Suena sorprendente, pero lo acaban de descubrir investigadores españoles, americanos y mexicanos: las hembras de serpiente de cascabel (Crotalus polystictus) ingieren de media el 11% de la masa postparto (sobre todo, huevos y crías muertas) para recobrar energías para la próxima reproducción.

No es lo mismo, pero apoya la idea de muchas mujeres que, como ya os comenté una vez, se comen su propia placenta tras el parto por las mismas razones, recuperar fuerzas y alejar depresiones.

Pero estábamos hablando de las serpientes de cascabel, de las que hasta ahora se desconocía tal comportamiento.
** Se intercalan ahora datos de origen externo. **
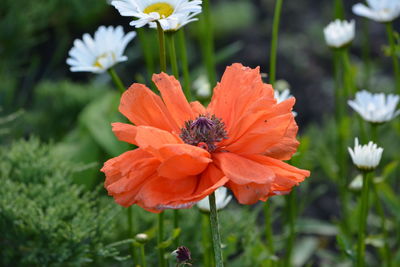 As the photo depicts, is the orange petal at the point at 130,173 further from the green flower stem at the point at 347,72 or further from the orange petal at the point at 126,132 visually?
the green flower stem at the point at 347,72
Como explican a SINC Estrella Mociño y Kirk Setser, los autores principales del trabajo e investigadores de la Universidad de Granada junto a Juan Manuel Pleguezuelos,

“Una hembra de serpiente de cascabel caníbal puede recuperar la energía perdida para la reproducción sin tener que buscar alimento, una actividad peligrosa que requiere tiempo y gasta muchas energías”,

El estudio, publicado en el último número de la revista Animal Behaviour, demuestra que el comportamiento caníbal de esta especie es el fruto evolutivo de su alimentación, puesto que las presas permanecen muertas un tiempo antes de ser ingeridas por la serpiente.

Muchas aves se comen las cáscaras de los huevos de sus crías recién nacidas para recuperar los niveles perdidos de calcio. Ahora vemos que los reptiles también hacen algo parecido. Entre los mamíferos es muy común esto de comer placentas. Y a pesar de todo, estas prácticas alimenticias me siguen produciendo repelús. ¿No os pasa algo parecido a vosotros?